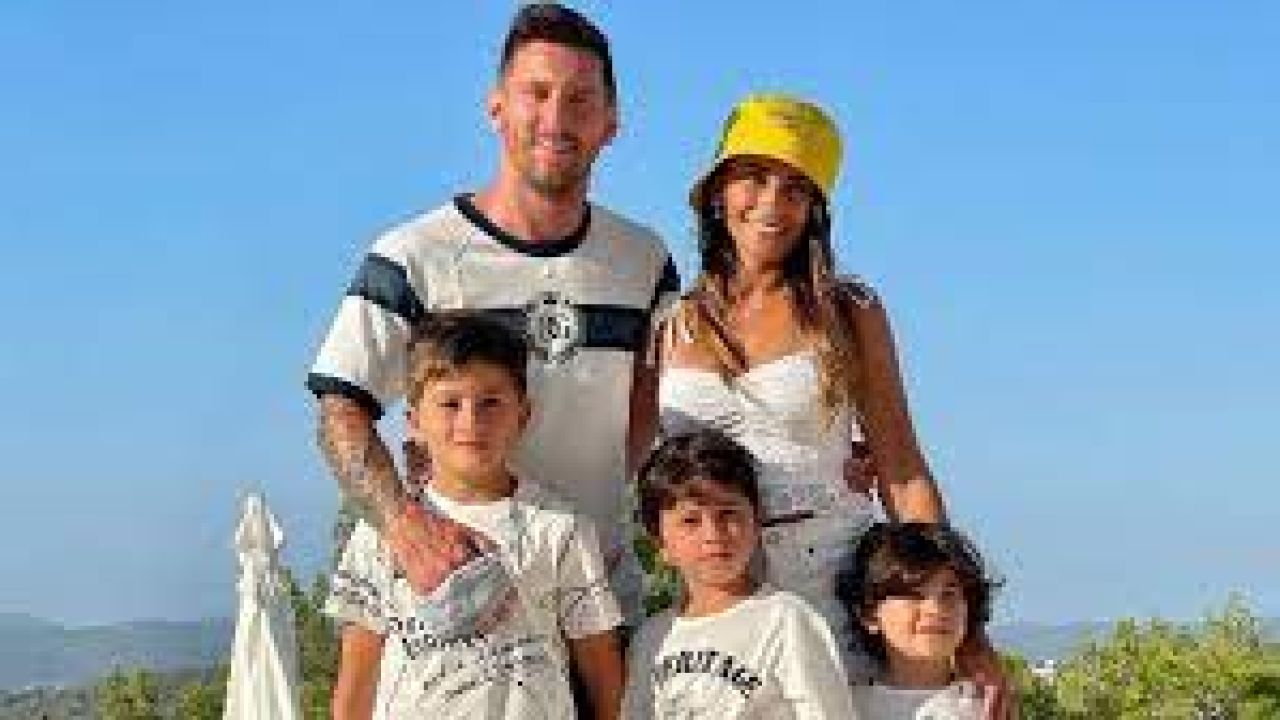 Loe Messi: Leo y Antonella con sus hijos Ciro, Mateo y Thiago. | Foto:cedoc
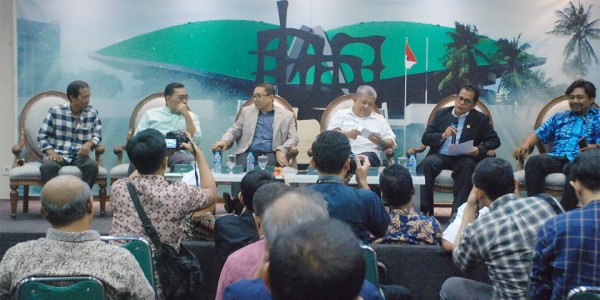 Dialektika Demokrasi dengan tema: "DPR Mengawal Demokrasi Menuju Indonesia Maju"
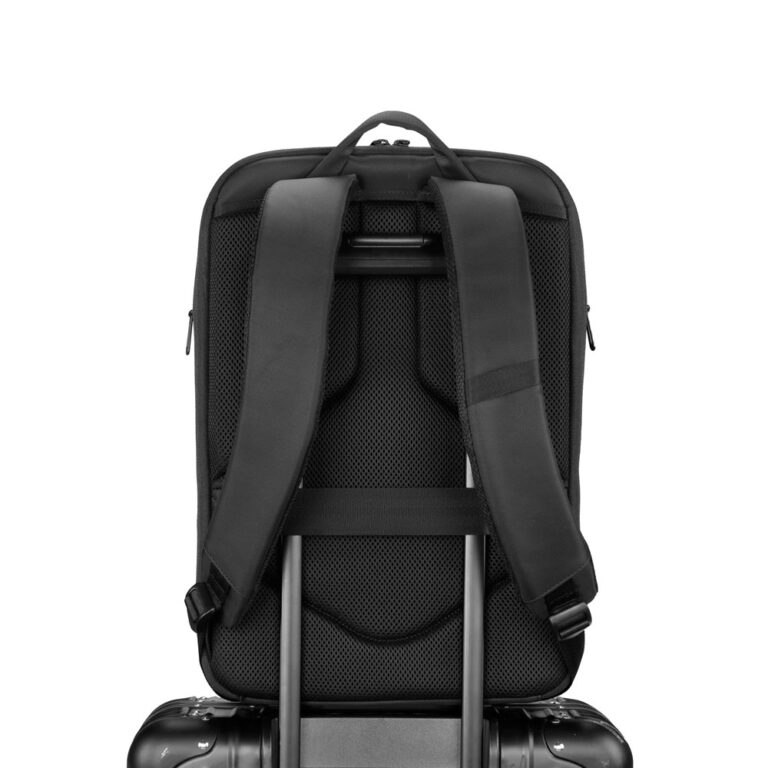 Brinde Mochila de Poliéster USB 25 Litros 3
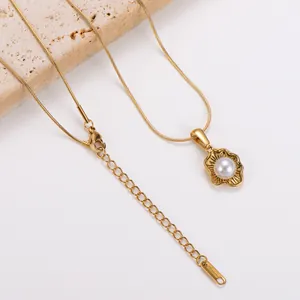 Gros plan détaillé du pendentif en perle élégant plaqué or 18 carats en acier inoxydable
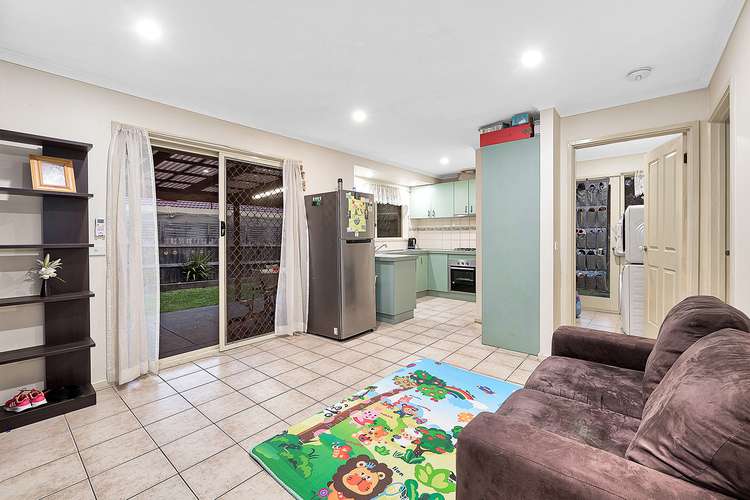 Sixth view of Homely house listing, 15 Forsyth Court, Cranbourne North VIC 3977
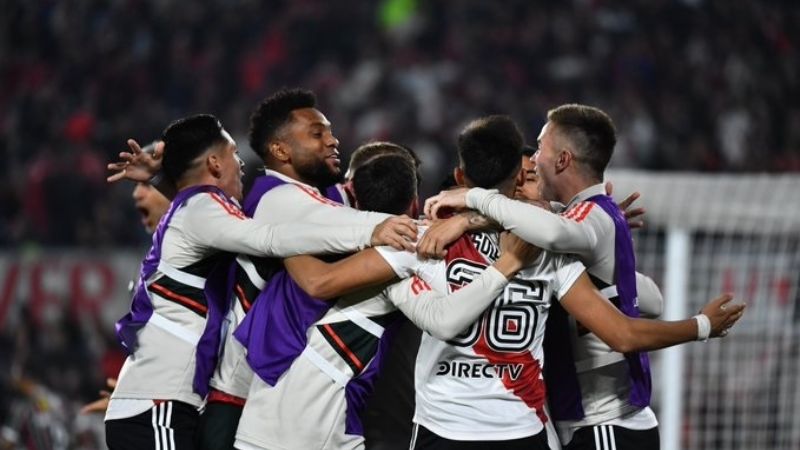Triunfazo de River que lo deja en carrera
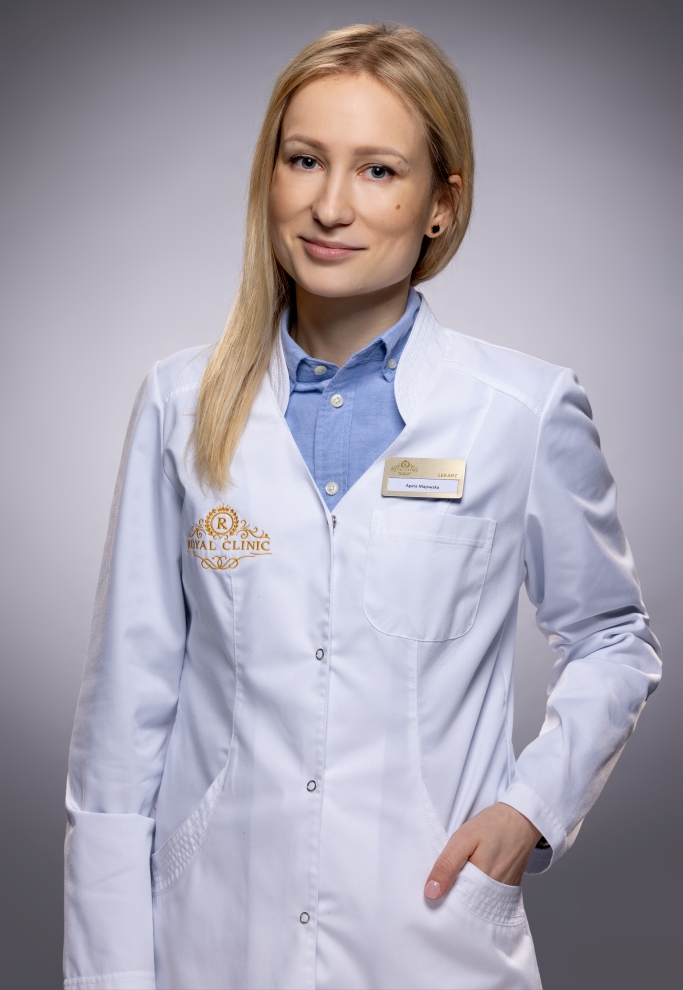 Dr Agata Majewska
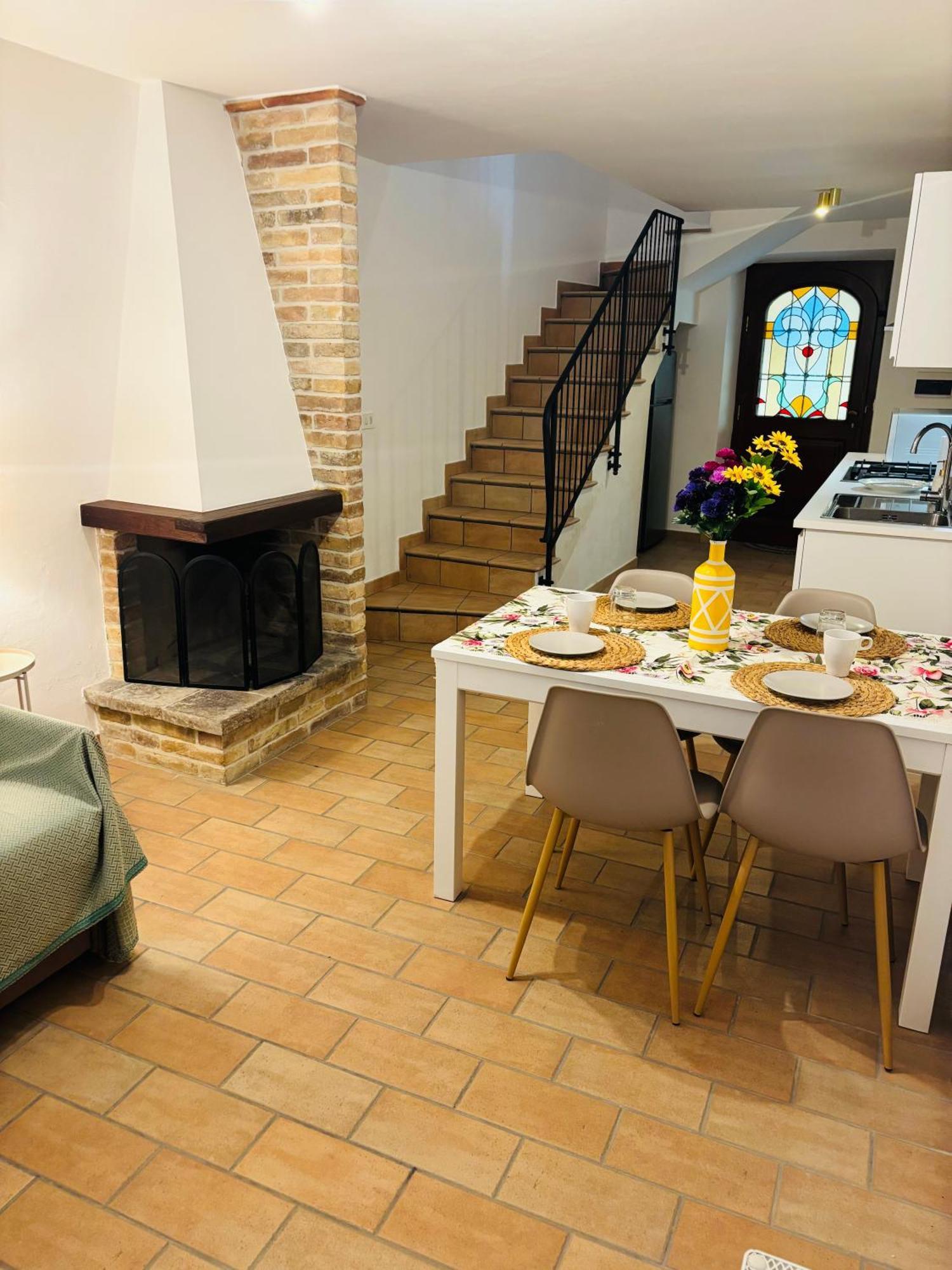 Al Belvedere Apartment II Atri Exterior foto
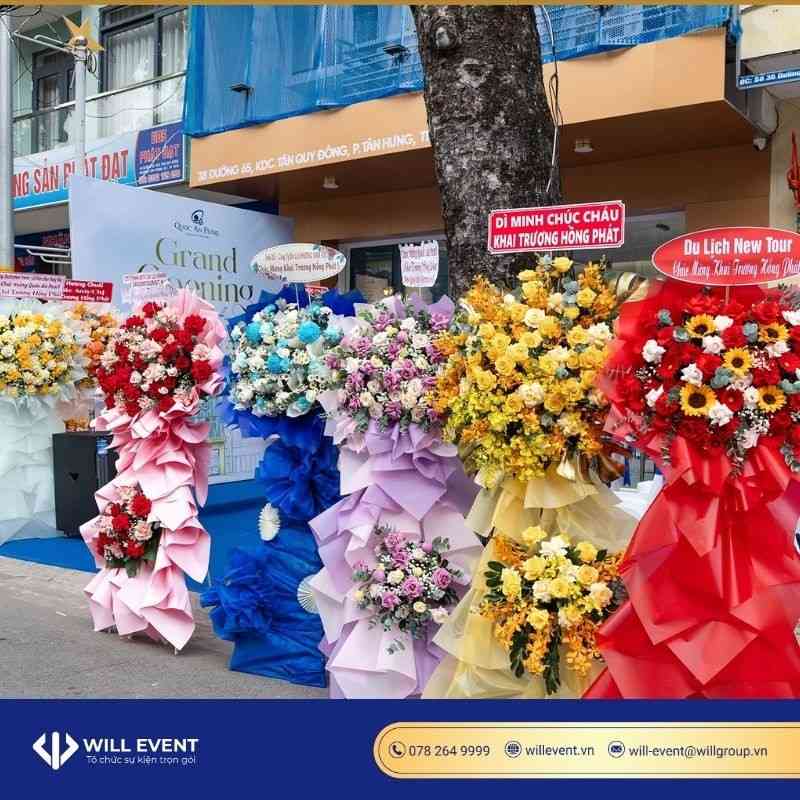 Lãng hoa khai trương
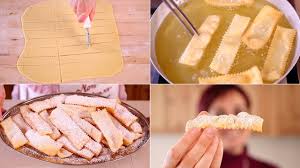 Per prima cosa, sbattete le uova in una ciotola. Chiacchiere Frappe Bugie Di Carnevale Fritte O Cotte Al Forno Ricetta Facile Youtube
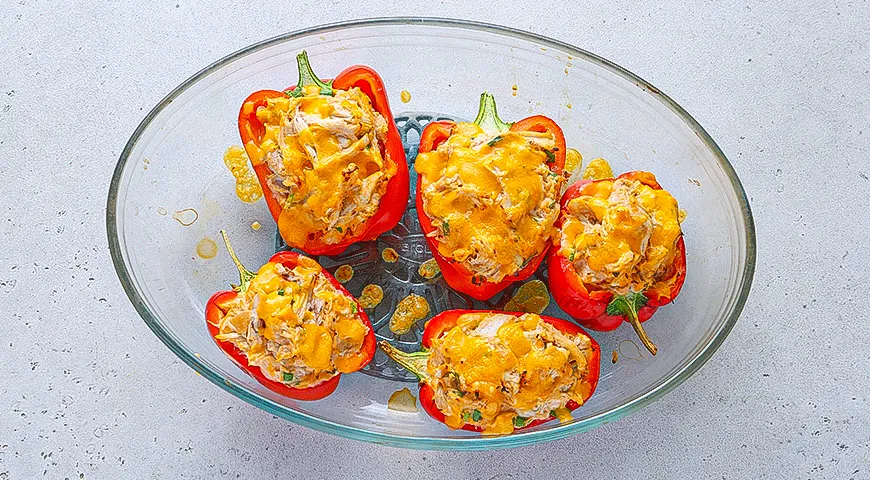 Перцы, фаршированные курицей и сливочным сыром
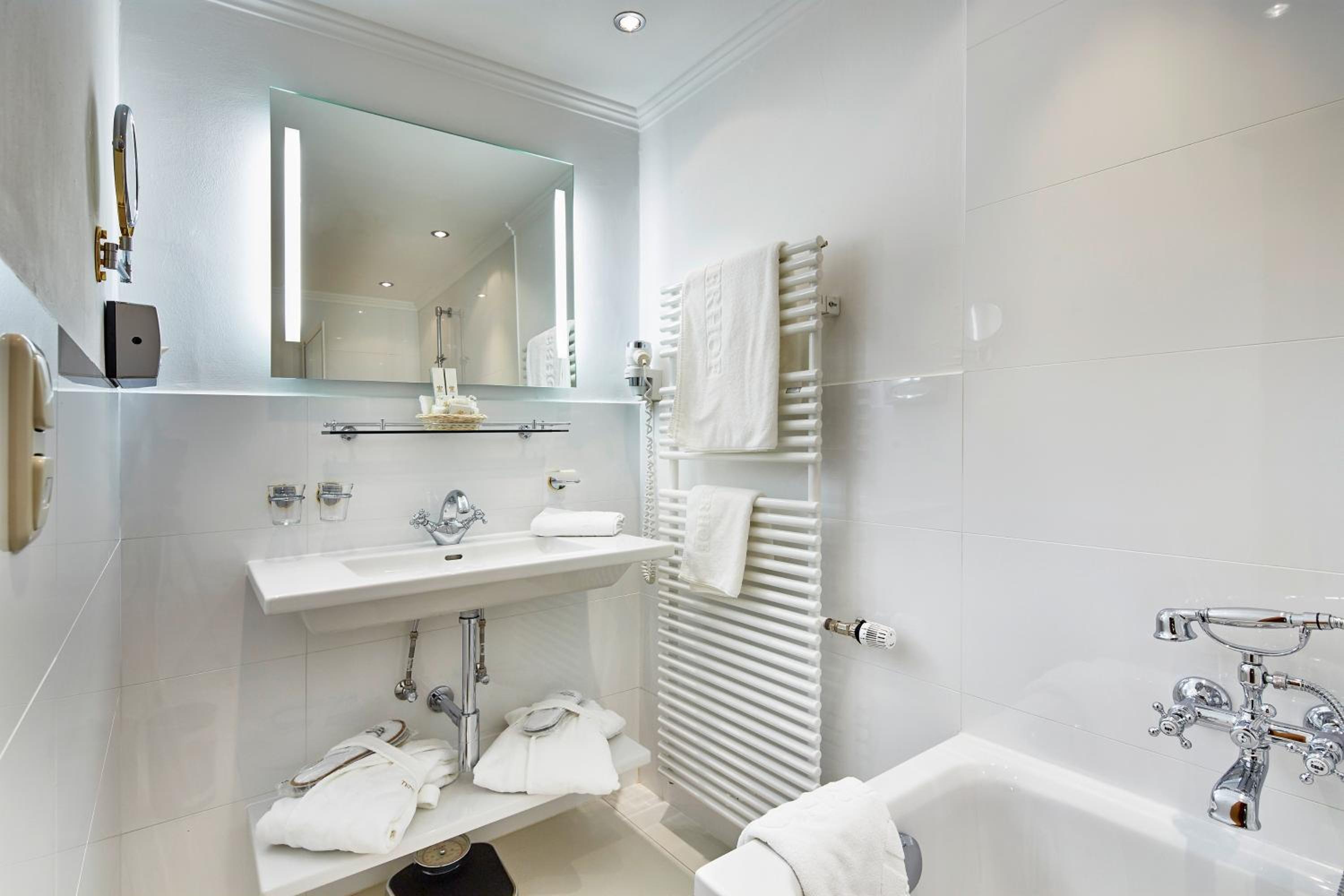 Standard Double Room - Photo 4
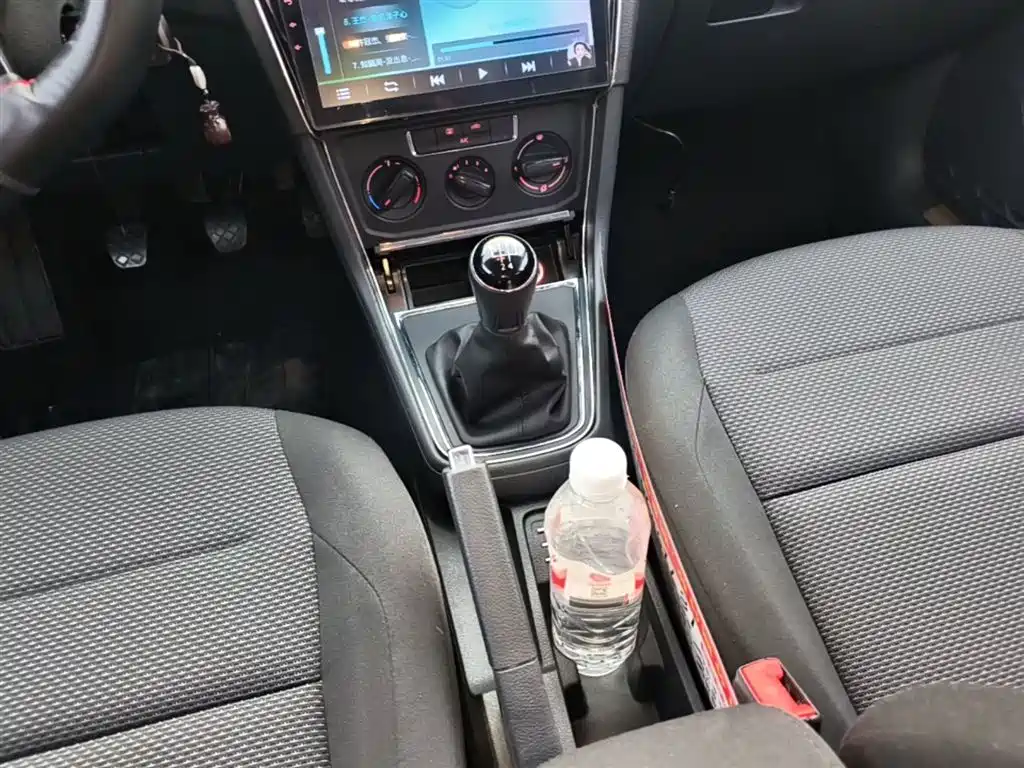 Volkswagen Bora 2017 1.6L Manual Fashion Edition фото 14
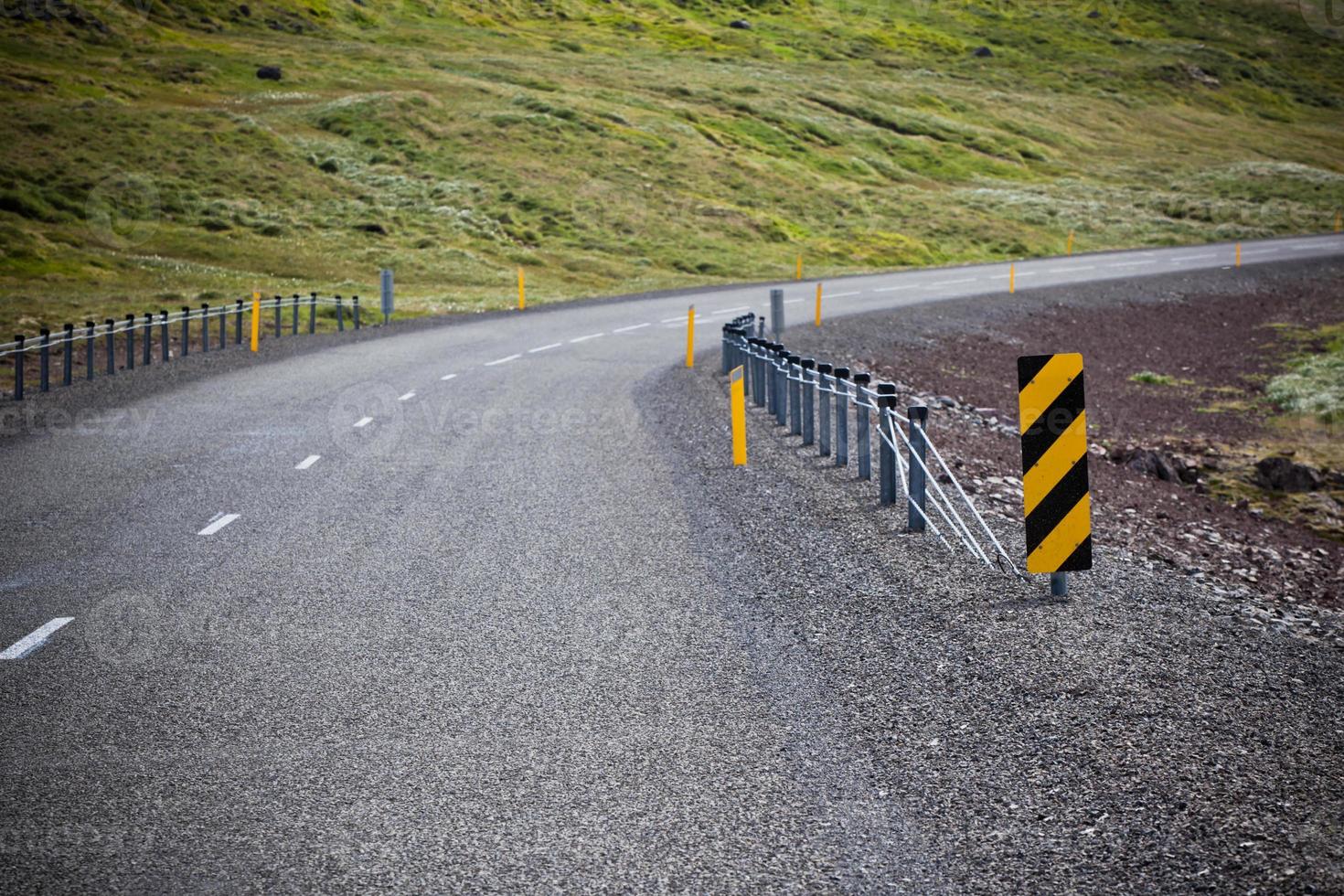 Autobahn durch Island Berge Landschaft foto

::::

### TASK DIRECTIONS
Set down the line containing "Standard Double Room - Photo 4" and every line after it up to the end of the material, exactly as written, but not the pictures.

### RESULT OF THE EXERCISE
 Standard Double Room - Photo 4
 Volkswagen Bora 2017 1.6L Manual Fashion Edition фото 14
 Autobahn durch Island Berge Landschaft foto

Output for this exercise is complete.